United States v. Cerrato-Reyes

176 F.3d 1253, 1999 Colo. J. C.A.R. 2769, 1999 U.S. App. LEXIS 8488, 1999 WL 273427
CourtCourt of Appeals for the Tenth Circuit
DecidedMay 5, 1999
Docket98-4059, 98-4082 and 98-4103
StatusPublished
Cited by96 cases

This text of 176 F.3d 1253 (United States v. Cerrato-Reyes) is published on Counsel Stack Legal Research, covering Court of Appeals for the Tenth Circuit primary law. Counsel Stack provides free access to over 12 million legal documents including statutes, case law, regulations, and constitutions.

Bluebook
United States v. Cerrato-Reyes, 176 F.3d 1253, 1999 Colo. J. C.A.R. 2769, 1999 U.S. App.
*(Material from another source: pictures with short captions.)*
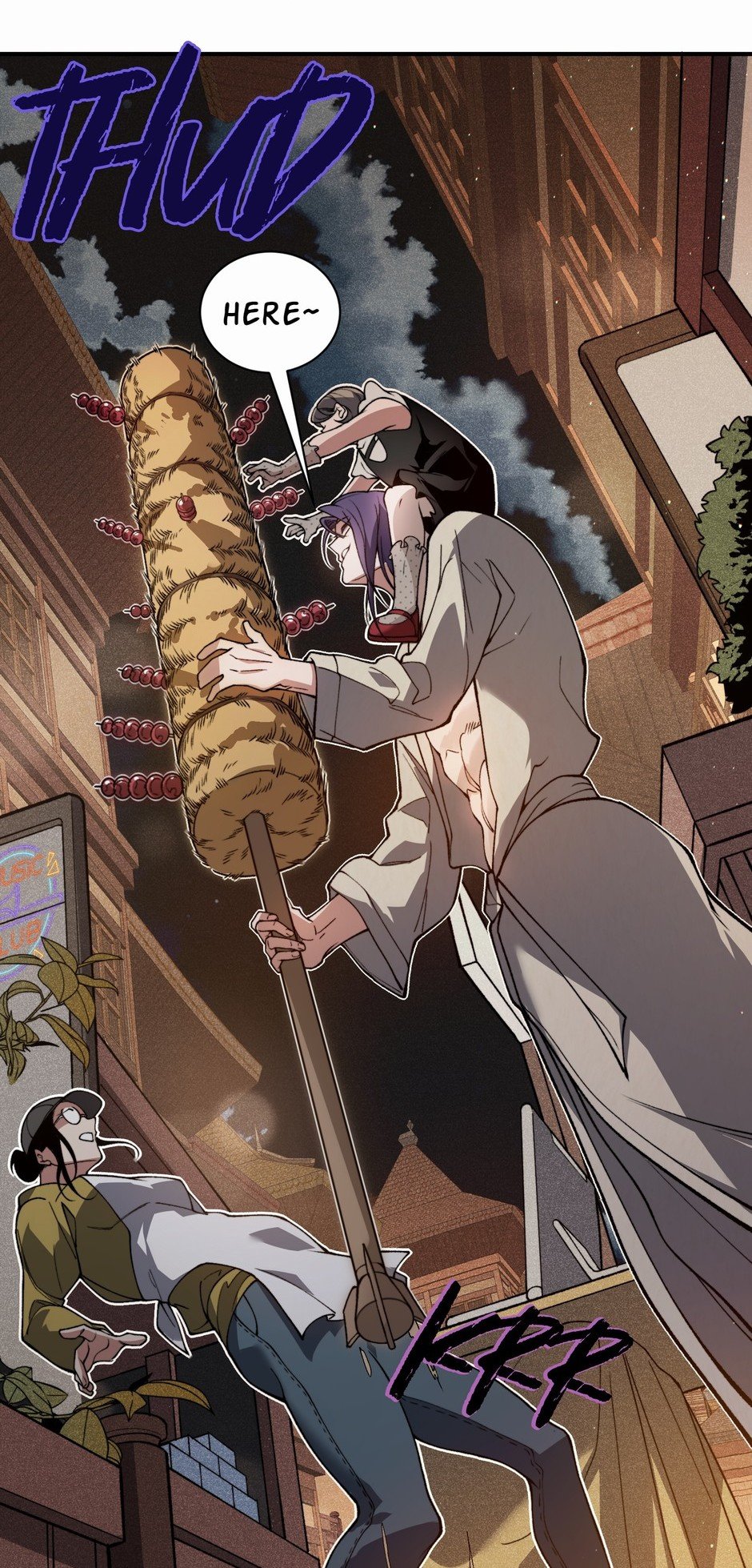 Read The Devil Never Cries Manga Online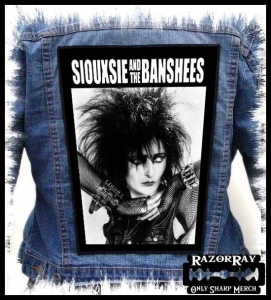 SIOUXSIE and the BANSHEES -- Backpatch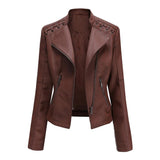 Thin Ladies Moto Jacket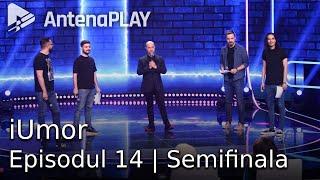 Roast Battle | Gabriel Gherghe&Edi Vacariu vs. Mirel Popinciuc&George Dumitru | Semifinala iUmor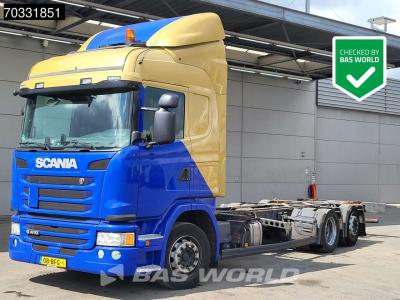 Scania G410 G 6X2 NL-Truck BDF Retarder Lift-Steering Axle ACC Hydraulic Euro 6 in vendita da BAS World B.V.
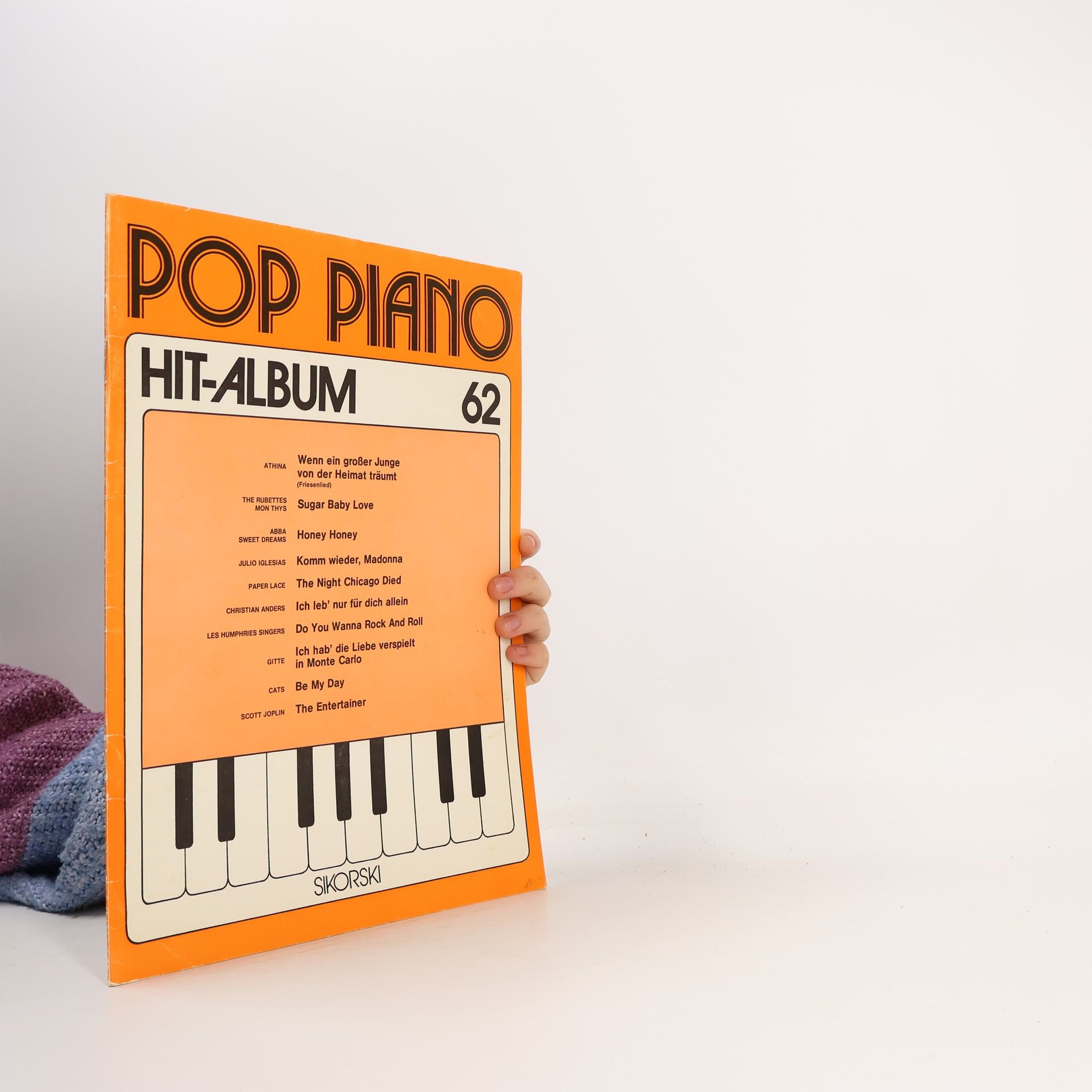 AA.VV. Pop Piano Hit-Album 62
LEXIS 8488, 1999 WL 273427 (10th Cir. 1999).

Opinion

PAUL KELLY, Jr, Circuit Judge.

Defendant-Appellant Emilio Cerrato-Reyes appeals his conviction for possession of cocaine with intent to distribute in violation of 21 U.S.C. § 841(a)(1). Defendants-Appellants Jose Manuel Osuna-Reyes and Jessica Ann Mejia appeal from their sentences after being convicted for possession of cocaine with intent to distribute in violation of 21 U.S.C. § 841(a)(1). Our jurisdiction arises under 28 U.S.C. § 1291 and 18 U.S.C. § 3742(a)(1), and we affirm.

I. Background

Mr. Cerrato-Reyes and Mr. Osuna-Reyes were tried jointly on charges arising from a drug transaction. Mr. Cerrato-Reyes was found guilty by the jury, but Mr. Osuna-Reyes’ case ended in a mistrial after the jury was unable to reach a verdict. Mr. Osuna-Reyes was subsequently found guilty in his second jury trial. Ms. Mejia was also involved in the drug transaction. She entered into a plea agreement with the government and pled guilty to the offense.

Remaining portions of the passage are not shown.